Przyglądanie się realizacji feministycznych postulatów co do programów równościowych pomoże zweryfikować, czy feministki dążą do równości płci, czy raczej do likwidacji płci poprzez doprowadzenie do tego, że odtąd kobiety — podobnie jak dotąd mężczyźni — nie będą już rodzić dzieci, gdyż będą zachęcane do dokonywania aborcji, czyli do zabijania dzieci przed porodem.
Analiza kryteriów, według których feministki chcą oceniać realizację programów równościowych, pozwoli społeczeństwu zweryfikować, czy według feministek równość płci oznacza równość płci, czy też doprowadzenie do sytuacji, w której hormonalną antykoncepcją - czyli zbędnymi i szkodliwymi dla organizmu hormonami - faszerują się kobiety, mimo że są one płodne zaledwie kilkanaście godzin w cyklu, a nie mężczyźni, mimo że oni są płodni zawsze.

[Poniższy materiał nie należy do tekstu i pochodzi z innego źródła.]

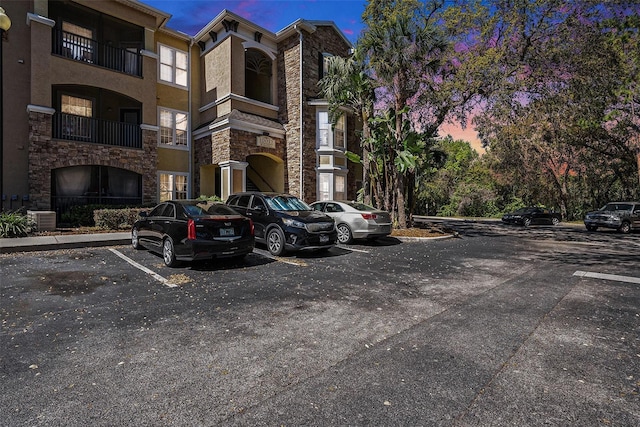 view of property with uncovered parking and cooling unit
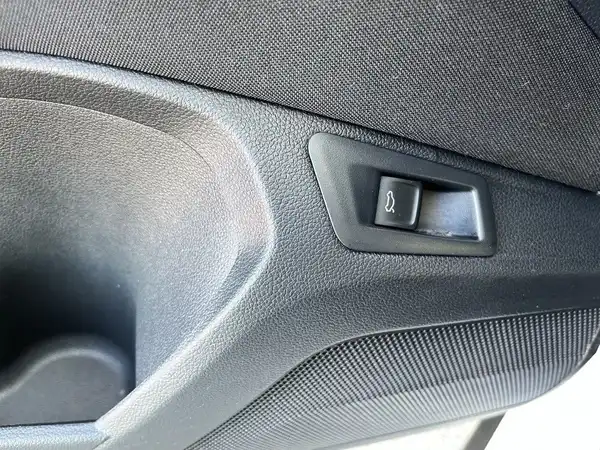 Das Bild zeigt das Innere eines Fahrzeugs, konkret einen Ausschnitt der Türverkleidung auf der Fahrerseite. Die Farbe des Interieurs ist schwarz.
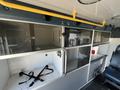Interior view of a 2013 Chevrolet Express featuring shelving units and storage compartments in a van-like layout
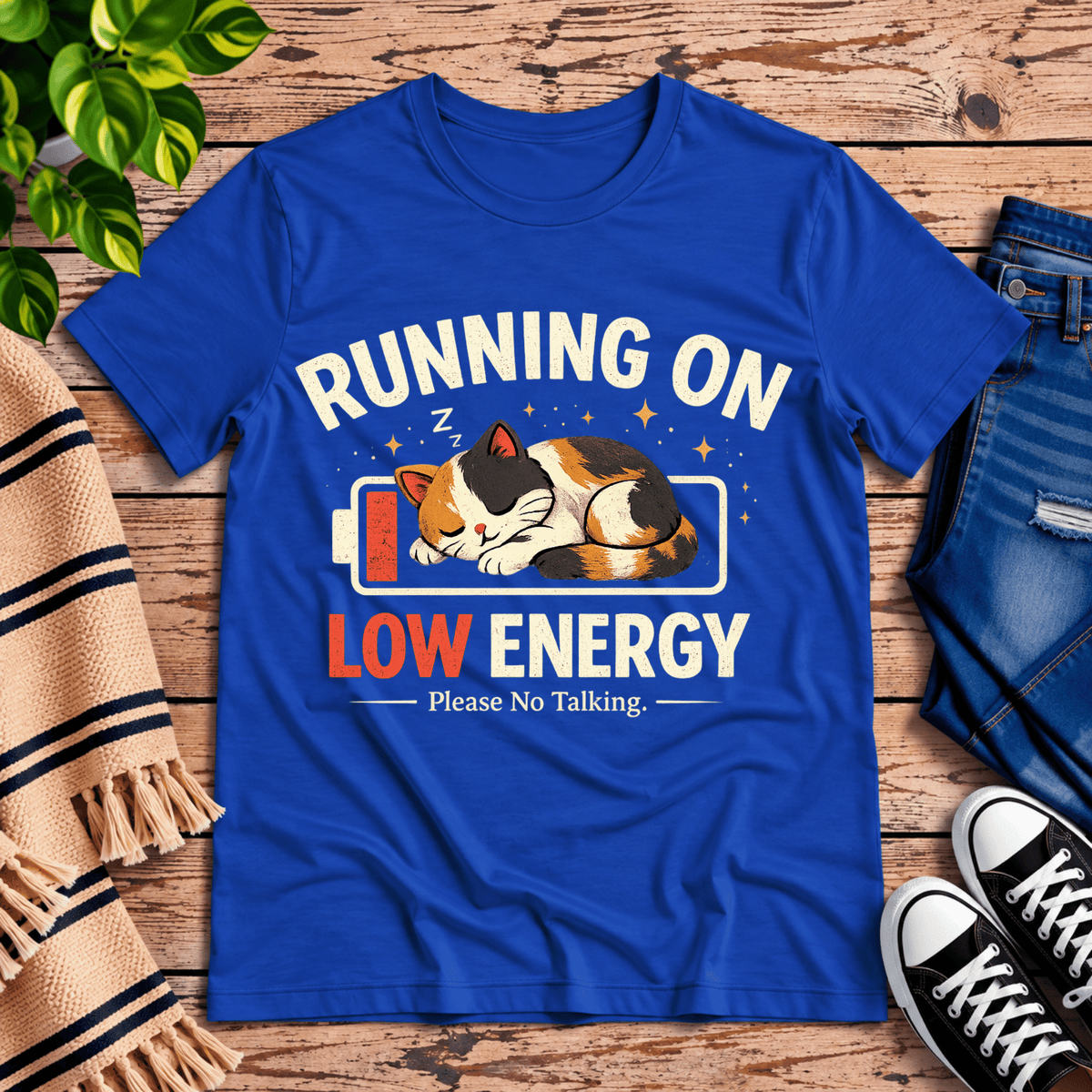 Low Energy Cat cute animal graphic t-shirt cozy flat lay in true royal.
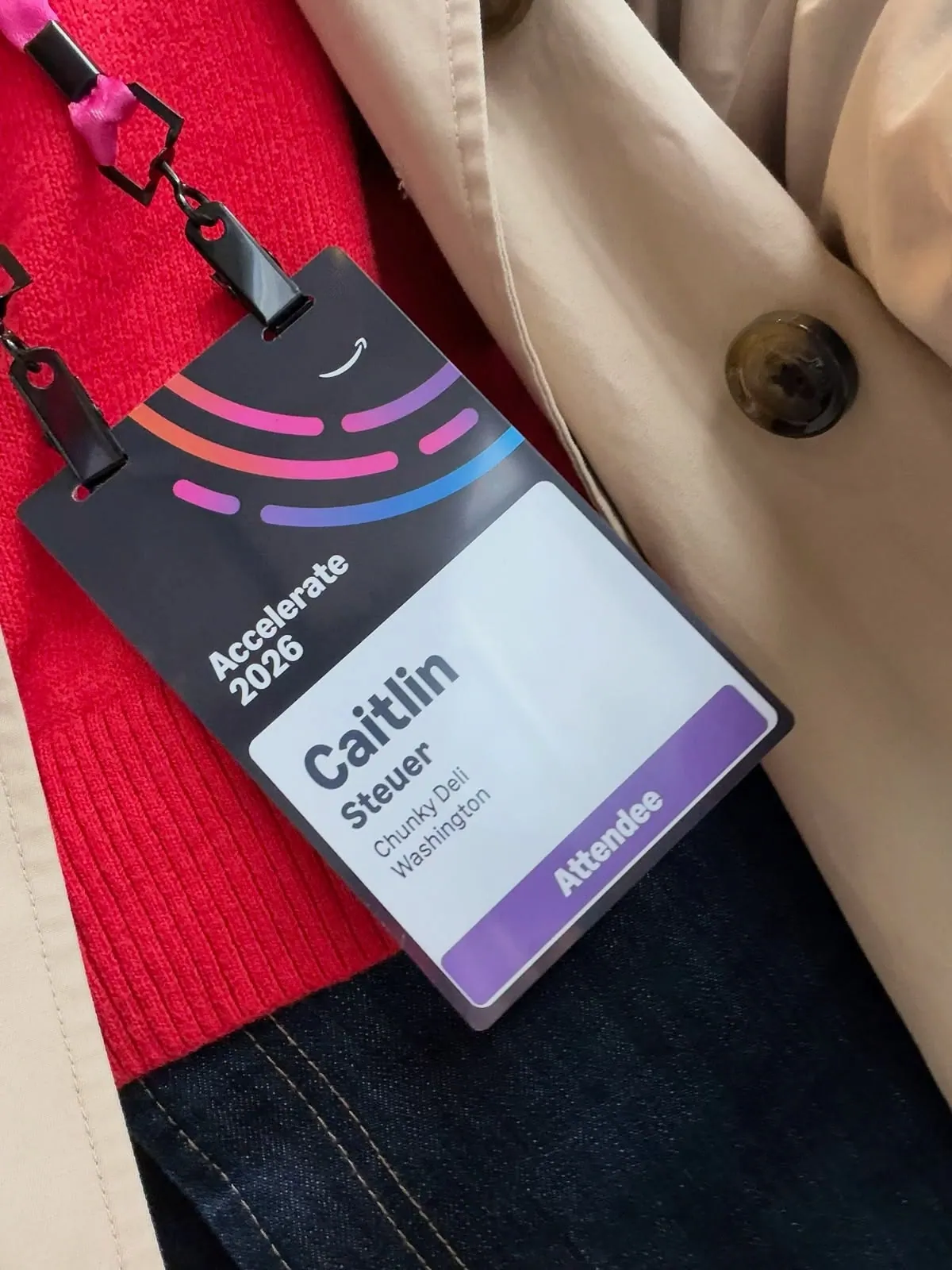 Large conference badge worn on a lanyard, with the name, organisation and an Attendee role band
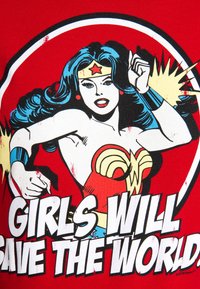 Red graphic t-shirt featuring a comic-style illustration of a superhero woman, with white text reading "GIRLS WILL SAVE THE WORLD."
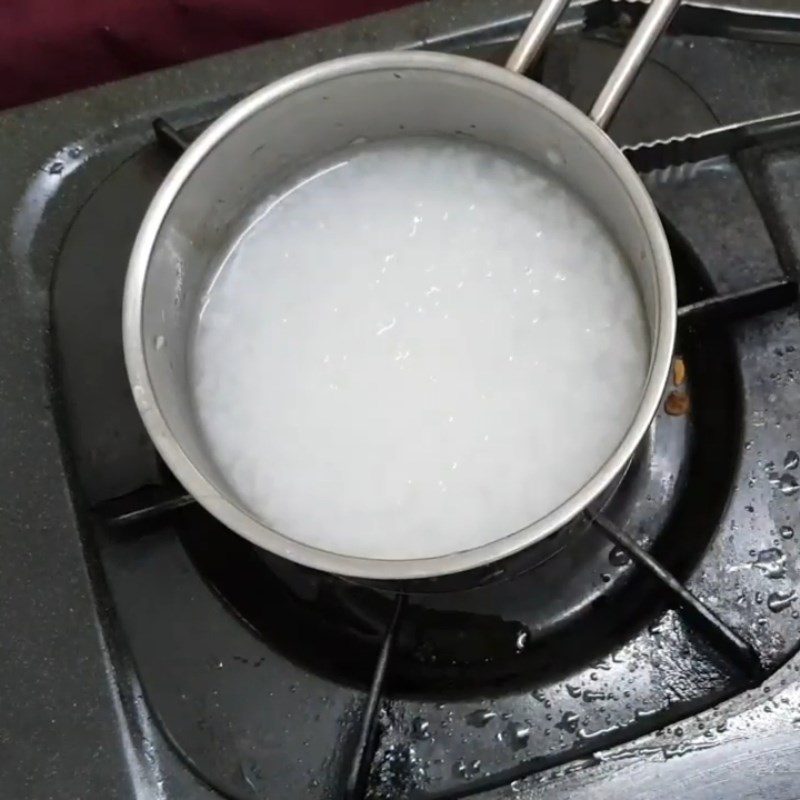 Step 3 Cooking porridge Snakehead fish carrot porridge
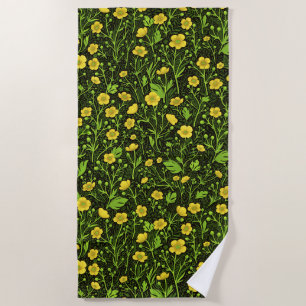 Buttercups on black beach towel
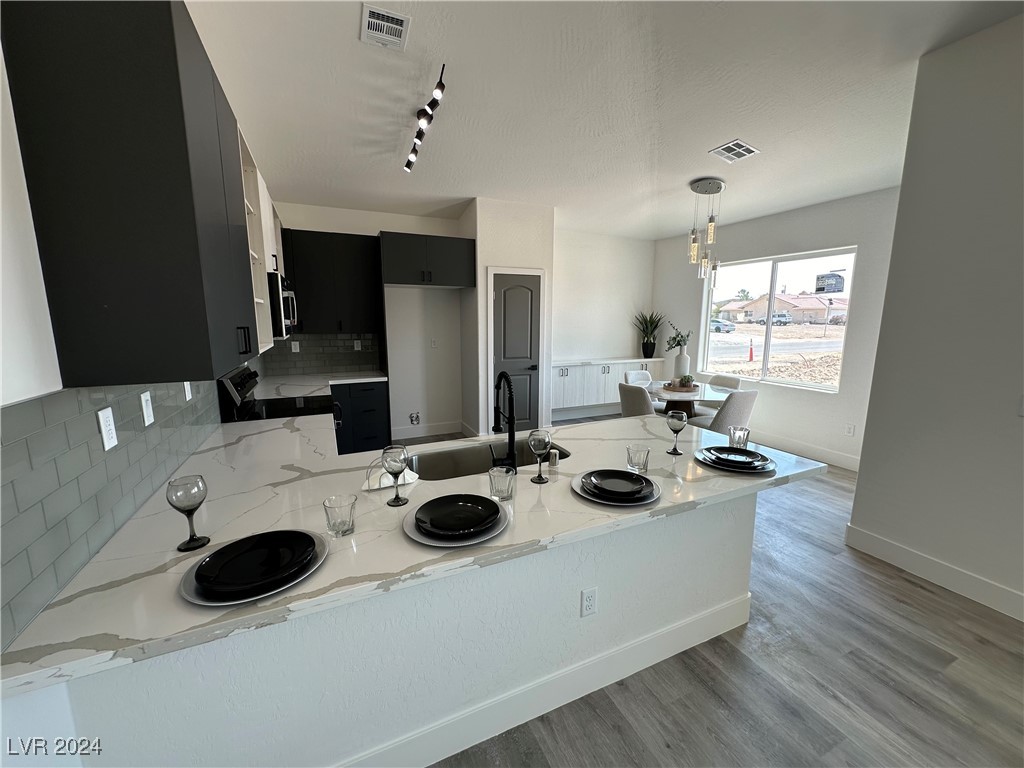 971 Jack Rabbit Street Pahrump, NV 89048 - Photo 35 of 35 Open great room floorplan with dedicated dining area off kitchen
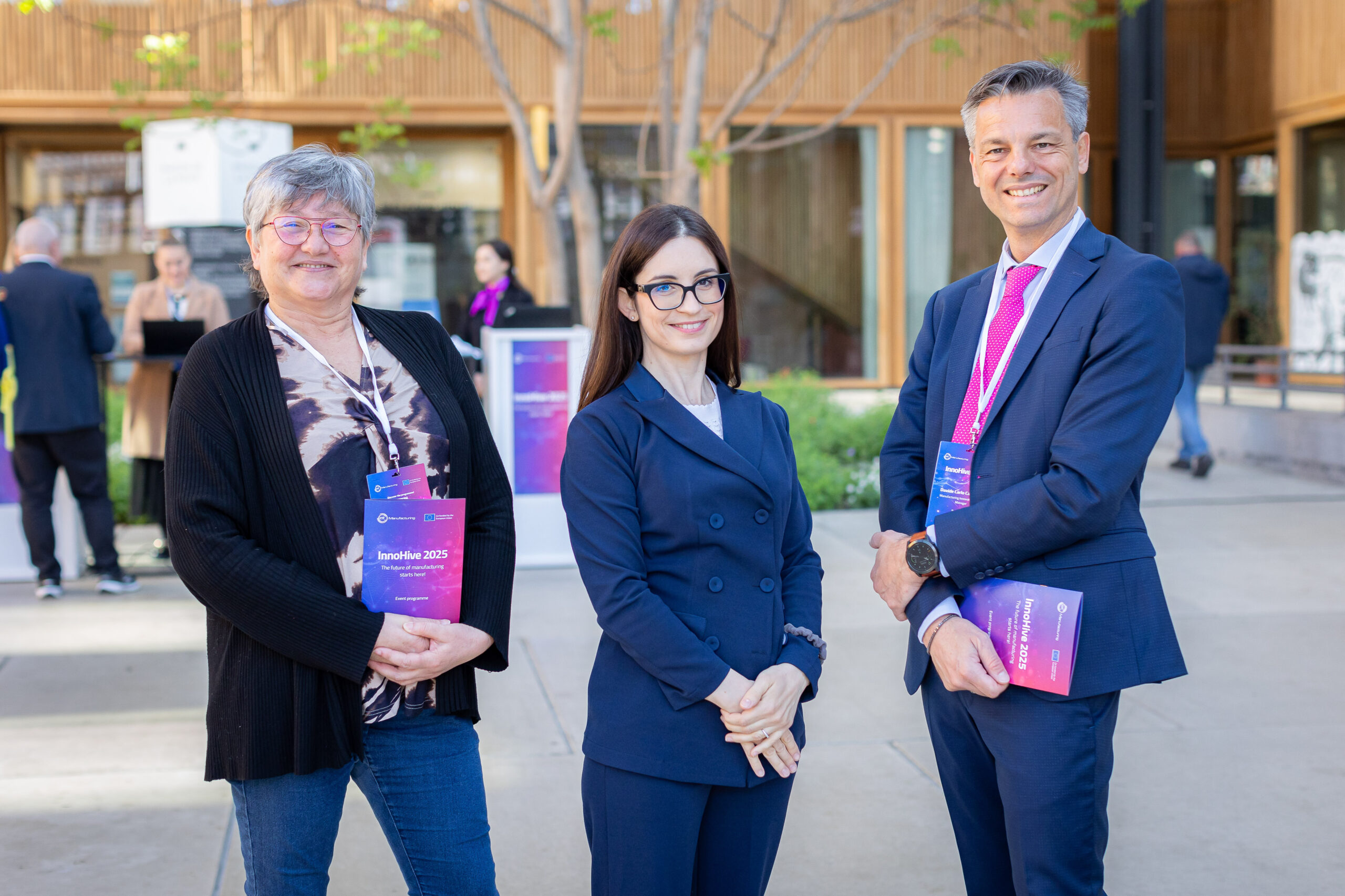 Trois professionnels posent en extérieur lors d’un événement d’entreprise, portant badges et brochures, souriants et élégants.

Na razie nie spotkałem się z równościowym postulatem feministek w tej dziedzinie, czyli z promowaniem zasady: współżyjemy razem, a antykoncepcją hormonalną zatruwamy się na przemian — raz kobieta, raz mężczyzna.
Przyglądanie się oczekiwaniom feministek co do sposobu rozumienia przez nie równości płci pozwoli społeczeństwu upewnić się, czy feministkom rzeczywiście chodzi o promowanie równości płci, czy też o wmawianie przedszkolakom, że ciało nie jest ważne dla tożsamości człowieka oraz że w ich wieku przejawem równości jest to, że chłopczyki i dziewczynki solidarnie uczą się od dorosłych masturbacji, zgodnie z aktualnymi standardami edukacji seksualnej WHO, działającej pod dyktando promotorów ideologii gender.
Wszystko wskazuje na to, że feministki po raz kolejny zastawiły na siebie pułapkę.